Betriebsstättenbegründend kann bei maßgebender Stellung in der Führung der betrieblichen Tätigkeit auch ein zur Verfügung gestellter Bürocontainer sein, selbst wenn auf Grund der Eigenart der Tätigkeit dieser nur für kürzerer Zeiträume in mehreren aufeinander folgenden Jahren benutzt wird und betriebliche Handlungen auch außerhalb desselben erfolgen (VwGH 18.3.2004, 2000/15/0118).

Rz 7929
Die betriebliche Tätigkeit in Anlagen und Einrichtungen iSd § 29 BAO muss nicht durch Menschen ausgeübt werden, auch bloße Verkaufsautomaten, Bräunungsanlagen und Geldspielautomaten werden daher bereits als Betriebsstätten angesehen (soweit nicht eine bloße Vermietung der Geräte an einen Betreiber vorliegt). In diesem Sinne kann auch ein Server (Computer), über den der Unternehmer Verfügungsmacht hat und über den er seine Tätigkeit zumindest teilweise ausübt, für ihn eine Betriebsstätte darstellen; ein bloßes Mitbenutzungsrecht im Sinne des Nutzens von am Server zur Verfügung gestelltem Speicherplatz reicht hingegen als Betriebsstätte nicht aus.

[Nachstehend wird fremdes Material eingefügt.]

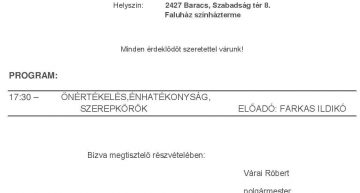 Önismereti Klub – Előadás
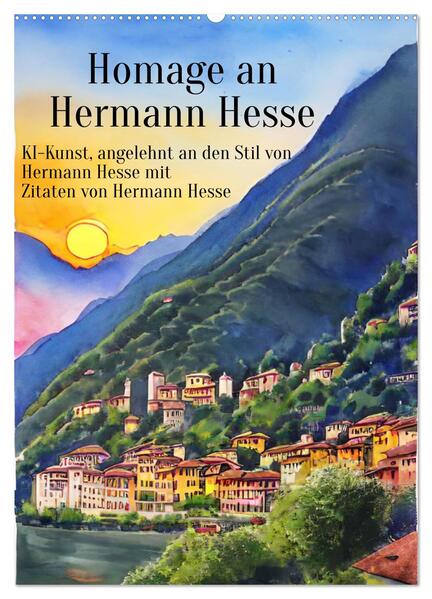 Homage an Hermann Hesse- KI-Kunst angelehnt an den Stil von Hermann Hesse mit Zitaten von Hermann Hesse (Wandkalender 2025 DIN A2 hoch) CALVENDO Monatskalender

Ein Lastkraftwagen auf Geschäftsfahrt ist keine Betriebsstätte im Sinne der steuerlichen Vorschriften (VwGH 10.9.1962, 1948/60).

Rz 7930
Dem Art. 5 OECD-Musterabkommen nachgebildete DBA definieren die Betriebsstätte als feste Geschäftseinrichtung, durch die die Tätigkeit eines Unternehmens ganz oder teilweise ausgeübt wird. Die Abkommensdefinition entspricht grundsätzlich der Begriffsumschreibung des § 29 BAO, unterscheidet sich jedoch in einigen Aspekten. Bspw. sind Ausnahmen vorgesehen (insbesondere für verschiedene Geschäftseinrichtungen mit bloß unterstützendem Hilfscharakter). In der internationalen Praxis wird idR ab einer mehr als 6-monatigen Ausübung der Geschäftstätigkeit in einer festen Einrichtung von einer Betriebsstätte ausgegangen (siehe Rz 6 des OECD-Kommentars zu Art. 5). Aus der Verkehrsanschauung zum Begriff der festen Geschäftseinrichtung, in welcher ganz oder teilweise die Tätigkeit eines Unternehmens ausgeübt wird, hat der VwGH abgeleitet, dass dieser Begriff bereits Einrichtungen von einer ein halbes Jahr übersteigenden Dauer erfassen könnte (VwGH 21.5.1997, 96/14/0084). Die abweichende Abkommensauslegung im Verhältnis zur Schweiz (12 Monate, Erlass AÖF Nr. 34/2000) ist zu beachten. Ist das anzuwendende DBA diesbezüglich dem Art. 5 OECD-Musterabkommen nachgebildet, so ist eine Bauausführung oder Montage nur dann eine Betriebsstätte, wenn ihre Dauer zwölf Monate überschreitet.

Rz 7931
Das Vorliegen einer Betriebsstätte ist vom zuständigen Finanzamt zu beurteilen. In diesem Zusammenhang ist auch zu beachten, ob der Sachverhalt auf österreichischer und auf Seite des Ansässigkeitsstaates des beschränkt Steuerpflichtigen korrespondierend beurteilt wird. Ein Besteuerungsnachweis der ausländischen Steuerverwaltung kann dabei als Indiz für deren Beurteilung des Vorliegens einer festen Einrichtung dienen. Im Interesse der Sicherung des inländischen Steueraufkommens, aber auch zur Vermeidung von internationaler "Doppelnichtbesteuerung" ist der Betriebsstättenbegriff im Zweifel keiner restriktiven Auslegung zugänglich.